Slashdot Mirror


Ada Lovelace and Her Legacy

nightcats writes: Nature has an extensive piece on the legacy of the "enchantress of abstraction," the extraordinary Victorian-era computer pioneer Ada Lovelace, daughter of the poet Lord Byron. Her monograph on the Babbage machine was described by Babbage himself as a creation of "that Enchantress who has thrown her magical spell around the most abstract of Sciences and has grasped it with a force that few masculine intellects (in our own country at least) could have exerted over it." Ada's remarkable merging of intellect and intuition — her capacity to analyze and capture the conceptual and functional foundations of the Babbage machine — is summarized with a historical context which reveals the precocious modernity of her scientific mind. "By 1841 Lovelace was developing a concept of 'Poetical Science', in which scientific logic would be driven by imagination, 'the Discovering faculty, pre-eminently. It is that which penetrates into the unseen worlds around us, the worlds of science.' She saw mathematics metaphysically, as 'the language of the unseen relations between things;' but added that to apply it, 'we must be able to fully appreciate, to feel, to seize, the unseen, the unconscious.' She also saw that Babbage's mathematics needed more imaginative presentation."

4 of 139 comments (clear)

  1. Lord Byron by whoever57 · · Score: 2, Interesting

    When Lord Byron was attending Trinity college at Cambridge, he kept a bear. He was hauled in to be told to get rid of the bear, because domestic animals were prohibited by college rules from college rooms. His response: the bear is not a domestic animal. He got to keep the bear!

    --
    The real "Libtards" are the Libertarians!
  2. Re:hurrrudururrururur by dryeo · · Score: 4, Interesting

    In that era, upper class women often dappled in (higher) mathematics, with womans magazines often having mathematical puzzles.

    --
    https://en.wikipedia.org/wiki/Inverted_totalitarianism
  3. Re:hurrrudururrururur by Anonymous Coward · · Score: 2, Interesting

    One day, hopefully, you'll get to see why this position is a little simplistic. Yes, criticise anyone for any reason; sounds fair. But sexism is quite prevalent and one side is starting with a disadvantage.

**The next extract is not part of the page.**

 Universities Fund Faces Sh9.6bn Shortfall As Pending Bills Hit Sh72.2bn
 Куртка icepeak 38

    Here's another example from a slightly later period - https://en.wikipedia.org/wiki/Emmy_Noether. If you're completely - completely - happy that we're all now on a level playing field criticise away.

    Otherwise, let's take gender out of it and try to get over the general geek thing of I'm-some-hot-shot-IT-geek-and-no-one-else-knows-anything nonsense. Try finding the positive rather than criticise. The "yeah, but..." thing is tiresome.

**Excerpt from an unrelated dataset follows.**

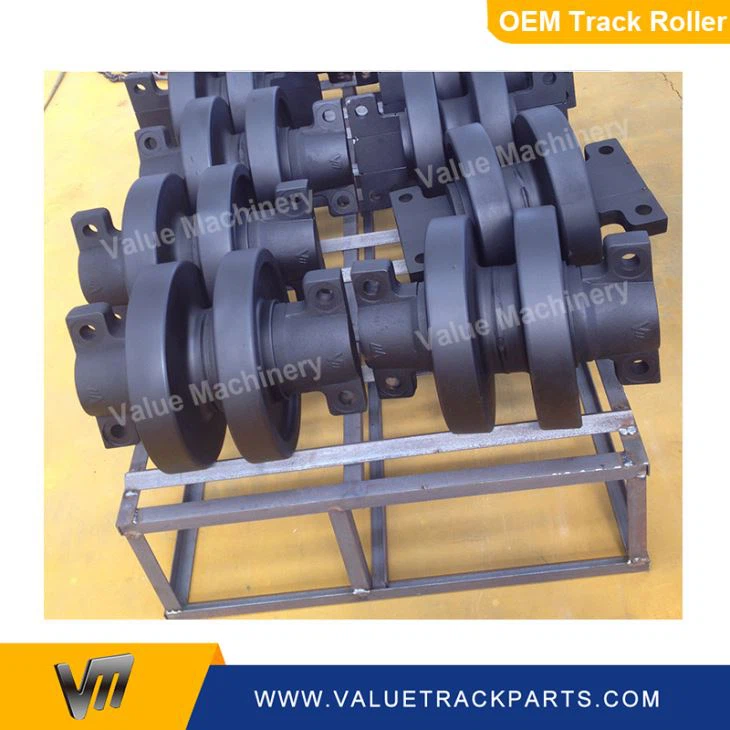 Track roller HC50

  4. Re:I am sure the women in the crowd will like this by phantomfive · · Score: 3, Interesting
    The article is not flattering. When the article says, "She also saw that Babbage's mathematics needed more imaginative presentation," it's not being complimentary. It is a compensatory way to suggest that she really didn't know how to program the machine. The wording of the article is very careful, for example, here is how it describes that she didn't know how to program:

    Lovelace is sometimes loosely described as the first computer programmer. She did produce an elegant set of tables showing how the engine could calculate Bernoulli numbers, but based on equations supplied by Babbage. Lovelace's originality lay in her conceptual definitions of the engine's mathematical functions, and her brilliant speculations on its design possibilities, going far beyond anything Babbage himself articulated. She wrote: “We may say most aptly that the Analytical Engine weaves algebraic patterns just as the Jacquard-loom weaves flowers and leaves.”

    Overall, the article is somewhat insulting, implying that "the only contribution a woman can make is to bring her imaginative, creative views to the table when she copies men. Put her in marketing." The article doesn't quite say that, but it is the natural conclusion from what the article says.

    --
    "First they came for the slanderers and i said nothing."